**Assignment:** From the line containing "Ecksofa links Felix Beige" to the last line of the listing, both included, copy every line exactly and drop the pictures.

**Data excerpt:**
☆ ☆ ☆ ☆ ☆
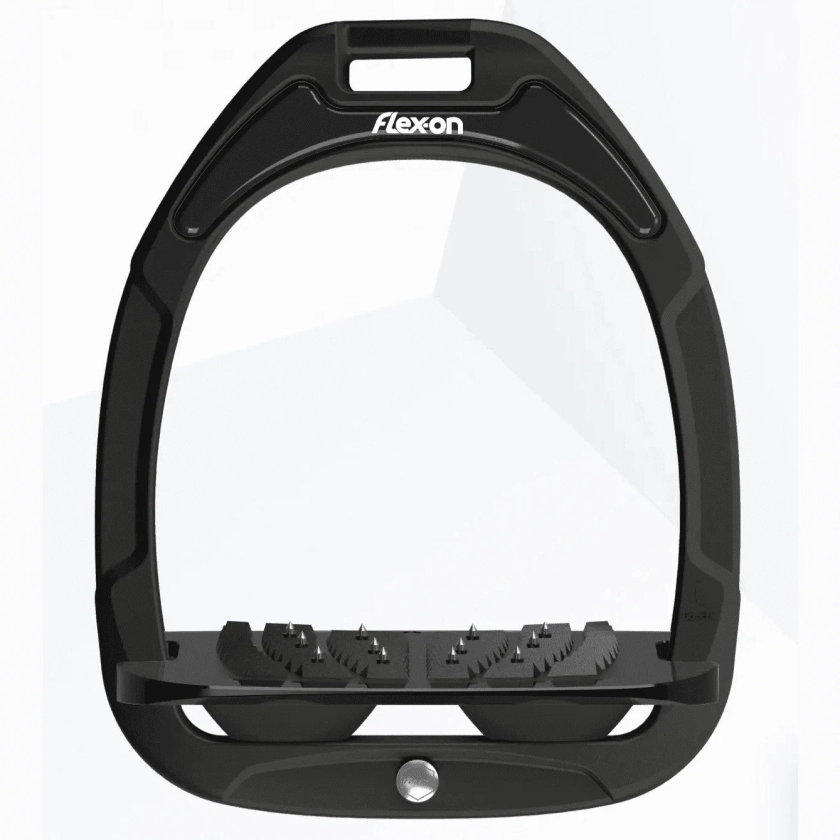 Flex - on green composite stirrup black frame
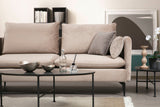 Ecksofa links Felix Beige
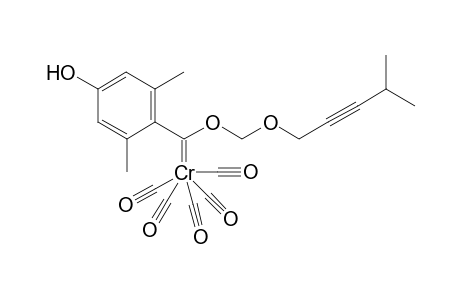 {[(4-Hydroxy-2,6-dimethylphenyl)(4-methylpent-2-ynyloxy)methoxy]methylene}pentacarbonylchromium(0)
☆ ☆ ☆ ☆ ☆
**Solution to this problem:**
 Ecksofa links Felix Beige
 {[(4-Hydroxy-2,6-dimethylphenyl)(4-methylpent-2-ynyloxy)methoxy]methylene}pentacarbonylchromium(0)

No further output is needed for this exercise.